Background: Linear discriminant analysis (DA) encompasses procedures for classifying observations into groups (predictive discriminant analysis, PDA) and describing the relative importance of variables for distinguishing between groups (descriptive discriminant analysis, DDA) in multivariate data. In recent years, there has been increased interest in DA procedures for repeated measures data. PDA procedures that assume parsimonious repeated measures mean and covariance structures have been developed, but corresponding DDA procedures have not been proposed. Most DA procedures for repeated measures data rest on the assumption of multivariate normality, which may not be satisfied in biostatistical applications. For example, health-related quality of life (HRQOL) measures, which are increasingly being used as outcomes in clinical trials and cohort studies, are likely to exhibit skewed or heavy-tailed distributions. As well, measures of relative importance based on discriminant function coefficients (DFCs) for DDA procedures have not been proposed for repeated measures data.
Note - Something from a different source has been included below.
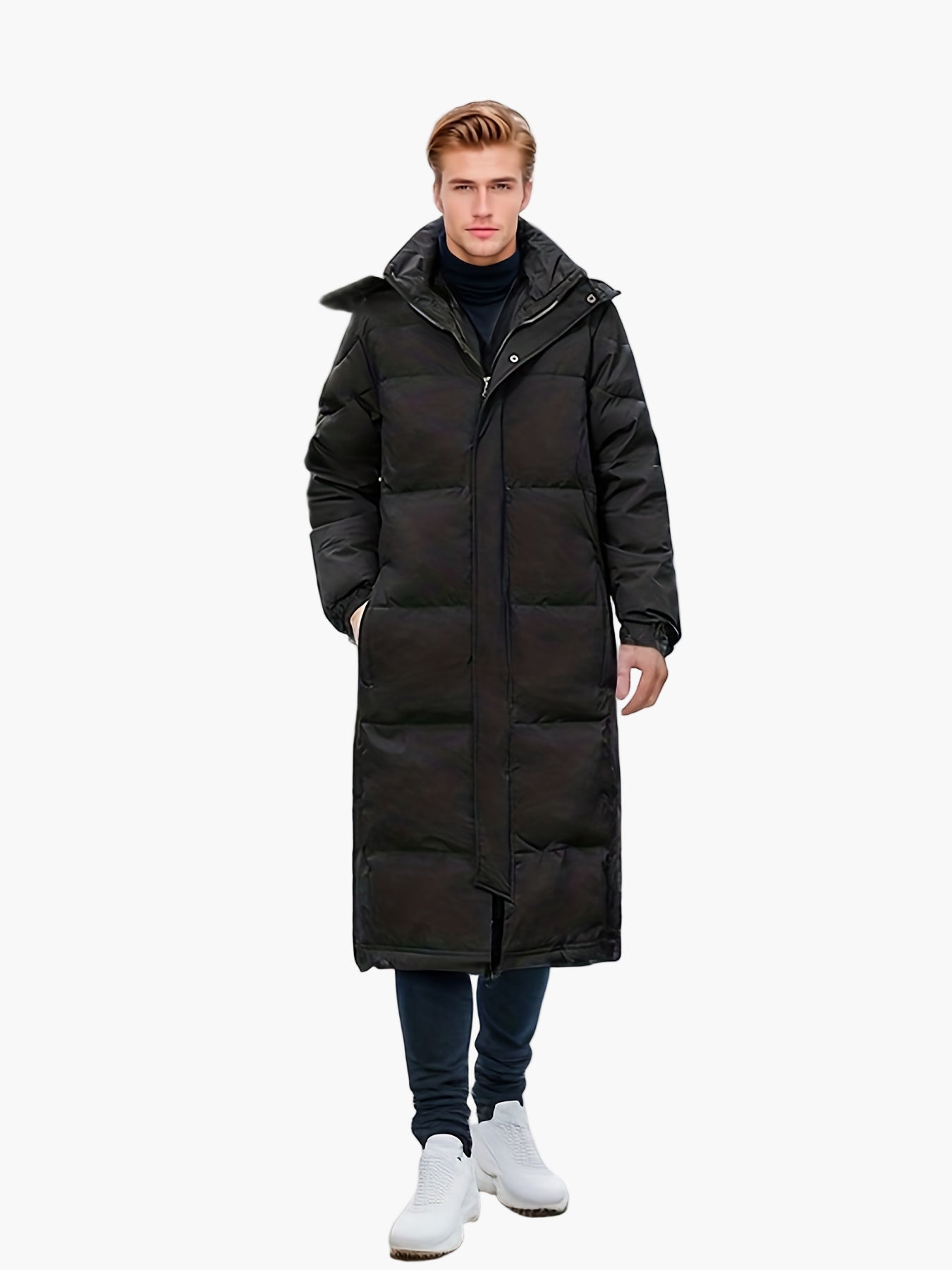Herr Lång Dunstil Parkas Vinterjacka – Elegant Varm Ytterplagg för Vardagsbruk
Purpose: The purpose of this research is to develop repeated measures discriminant analysis (RMDA) procedures based on parsimonious covariance structures, including compound symmetric and first order autoregressive structures, and that are robust (i.e., insensitive) to multivariate non-normal distributions. It also extends these methods to evaluate the relative importance of variables in multivariate repeated measures (i.e., doubly multivariate) data.
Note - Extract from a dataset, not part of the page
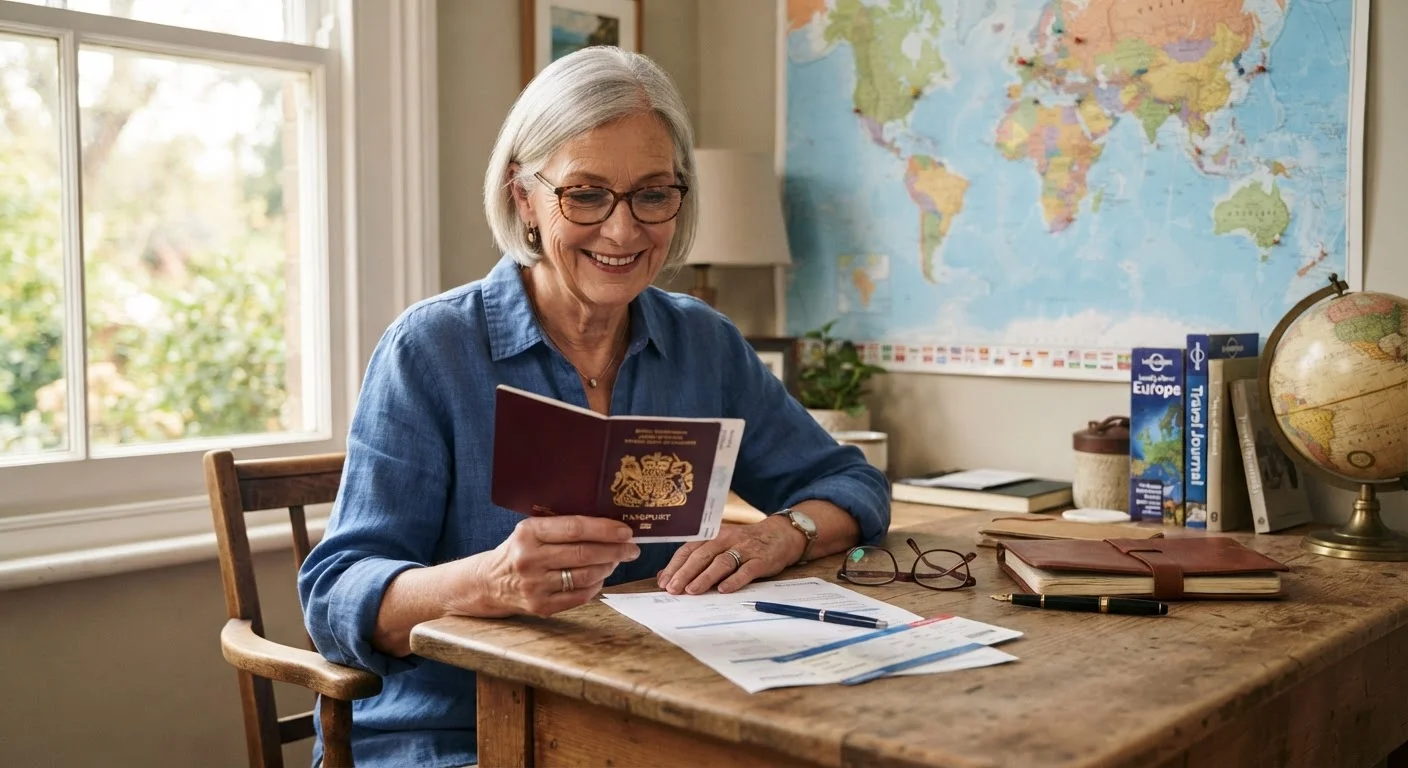 Senior traveler reviewing passport and official entry requirement documents at a desk with a world map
Method: Monte Carlo studies were conducted to investigate the performance of the proposed RMDA procedures under various degrees of group mean separation, repeated measures correlation structures, departure from multivariate normality, and magnitude of covariance mis-specification. Data from the Manitoba Inflammatory Bowel Disease Cohort Study, a prospective longitudinal cohort study about the psychosocial determinants of health and well-being, are used to illustrate their applications.
Results: The conventional maximum likelihood (ML) estimates of DFCs for RMDA procedures based on parsimonious covariance structures exhibited substantial bias and error when the covariance structure was mis-specified or when the data followed a multivariate skewed or heavy-tailed distribution. The DFCs of RMDA procedures based on robust estimators obtained from coordinatewise trimmed means and Winsorized variances, were less biased and more efficient when the data followed a multivariate non-normal distribution, but were sensitive to the effects of covariance mis-specification. Measures of relative importance for doubly multivariate data based on linear combinations of the within-variable DFCs resulted in the highest proportion of correctly ranked variables.
Conclusions: DA procedures based on parsimonious covariance structures and robust estimators will produce unbiased and efficient estimates of variable relative importance of variables in repeated measures data and can be used to test for change in relative importance over time. The choice among these RMDA procedures should be guided by preliminary descriptive assessments of the data.